Kendati tak pernah sekolah formal, prestasiku tak kalah dibandingkan dengan teman-teman sebayaku. Bahkan, setiap kali mengikuti cerdas cermat Taman Pendidikan Al Quran (TPA) mulai dari tingkat RT sampai Kodya Surabaya, aku yang ditunjuk sebagai juru bicara. Beberapa kali aku sempat meraih juara.
Ya, aku memang memiliki kelainan bawaan. Namun, semua itu tak mengurangi keceriaanku. Aku melewati masa kanak-kanak dengan ceria bersama teman-teman sebaya.

PECANDU NARKOBA
Keceriaan di waktu kanak-kanak terputus ketika tahun 1993, kakak pertama bernama Surya, terlibat narkoba. Kala itu, ia tengah kuliah di Bandung. Kecurigaan keluarga bermula ketika ia sering minta Ibu, Wijayaning Wahyuni (49), mengirimi uang. Agar Ibu mau kirim uang, ia selalu berdalih dengan berbagai macam cara.

Saat pulang ke Surabaya, Mas Surya dicecar Ibu, kenapa ia sering sekali minta uang. Akhirnya, ia mengaku terus terang sebagai pecandu narkoba jenis putau. Yang sangat mengejutkan, ia tergolong pecandu berat. Bayangkan, ia sehari bisa menghabiskan uang Rp 450 ribu untuk membeli barang haram itu.

Sejak itu, kuliahnya di desain dan fotografi berhenti. Kehidupan keluarga kami pun benar-benar suram. Sebab, meski keluarga sudah tahu kelakuannya, Mas Surya tetap tak sembuh. Bahkan, kalau ia sedang kecanduan, ia memaksa Ibu memberinya uang untuk beli putau.

Bila Ibu tidak memberi, Mas Surya siap dengan sebilah pisau untuk menghabisi Ibu. Bahkan, Ibu dikejar-kejar di jalanan kampung dengan pisau terhunus, itu sudah pemandangan biasa.
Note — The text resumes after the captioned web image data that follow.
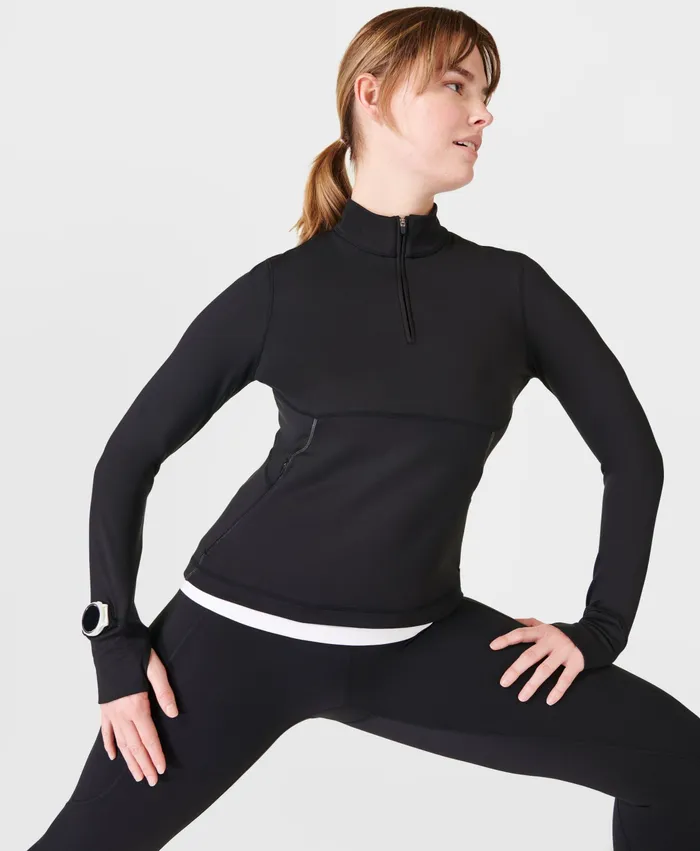 Women Jumpers Hoodies Sweaty Betty Therma Boost Running Half Zip Black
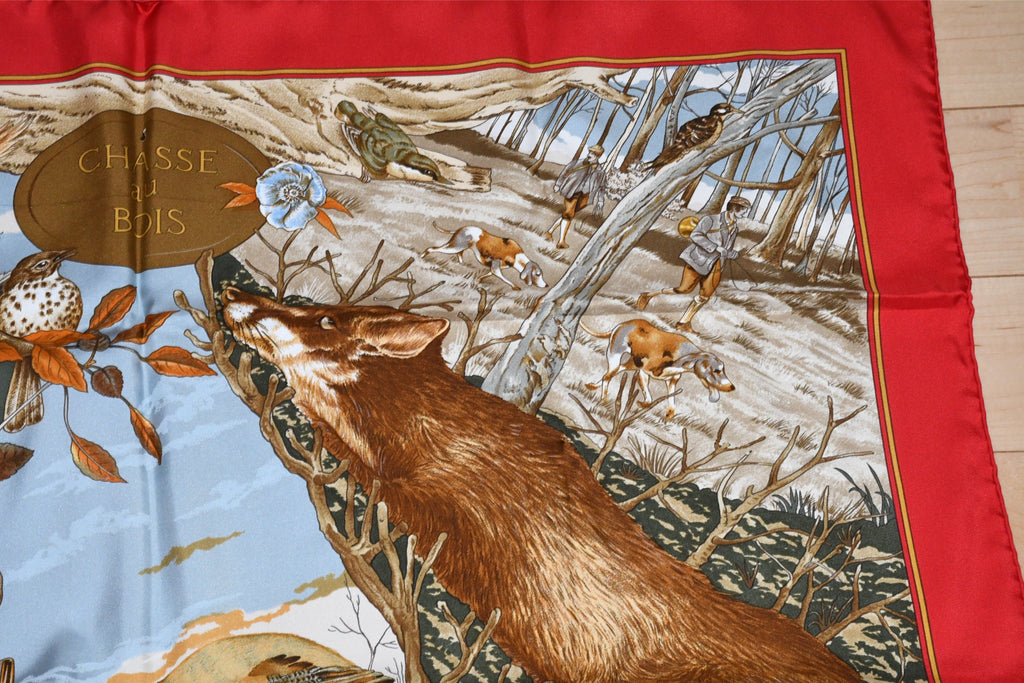 Hermes Scarf Chasse au Bois 90 cm silk red Carre fox animal hunter 35"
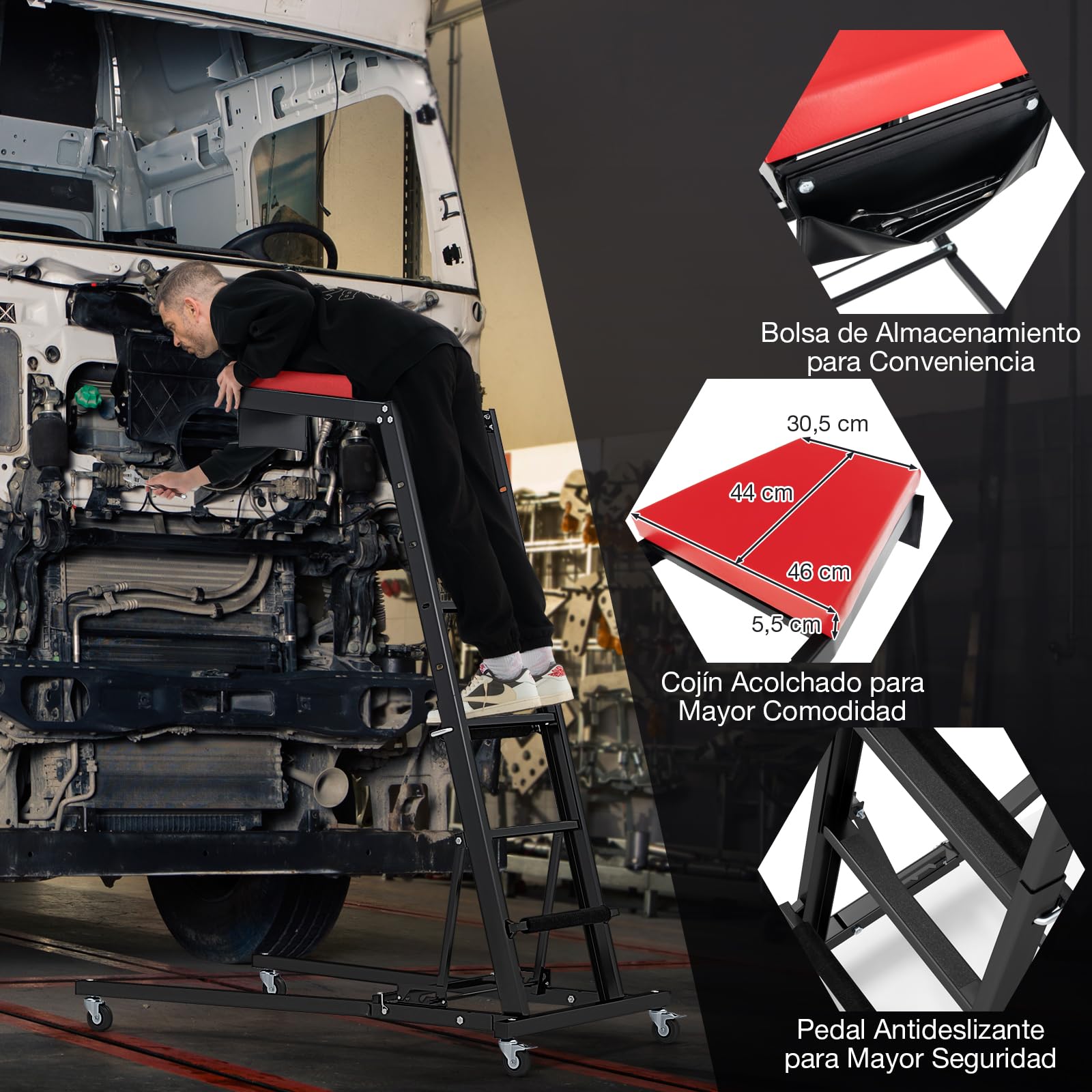 GOPLUS Enredadera Automotriz Superior Plegable, Escalera con Ruedas Carga 180 kg con 5 Niveles de Altura y 3 Ángulos Ajustables, Taburete de Trabajo para Garaje Taller Camión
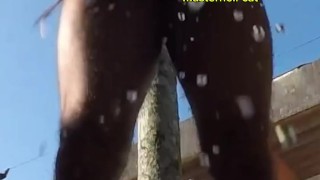 pissing in your face in public. public domination.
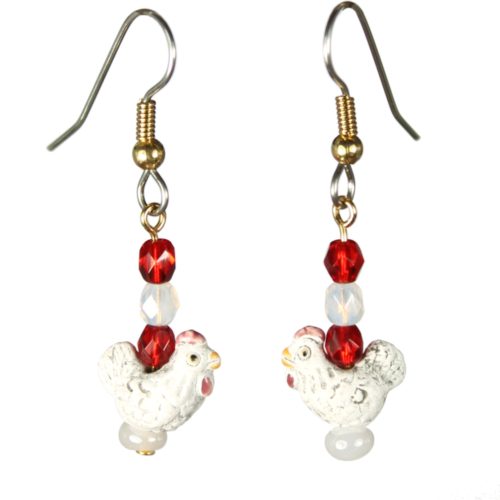 White Chicken Teeny Tiny Peruvian Ceramic Earrings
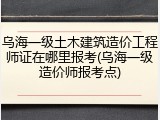 乌海一级土木建筑造价工程师证在哪里报考(乌海一级造价师报考点)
Karena pengetahuan kami tentang pecandu narkoba amat terbatas, kami sekeluarga bingung harus bagaimana memperlakukannya.

Yang semakin membuatku terpukul, di saat bersamaan kehidupan rumah tanggaku mengalami keretakan. Akhirnya, ayah dan Ibu memilih cerai. Namun, retaknya rumah tangga mereka, tak juga menyadarkan Mas Surya. Tetap saja ia memaksa Ibu memberinya uang.

Ibu yang hanya seorang diri bekerja sebagai tenaga pemasaran di sebuah perusahaan asuransi, tentu dibuat kelabakan. Oleh karena tak punya uang lagi, semua barang yang ada di rumah terpaksa dijual satu per satu. Bahkan, sampai barang yang tak berharga. Mulai dari kain jarit, remote control, meja kursi, barang pecah belah, sampai pagar rumah dijual kepada tukang loak!

Semua itu, masih juga tak menyadarkan Mas Surya. Dengan sangat terpaksa karena jiwanya diancam Mas Surya, Ibu sampai menjual rumah, satu-satunya barang berharga yang tersisa. Sejak itu pula kehidupan keluarga kami semakin parah. Entah sudah berapa kali pindah dari satu kontrakan ke kontrakan yang lain.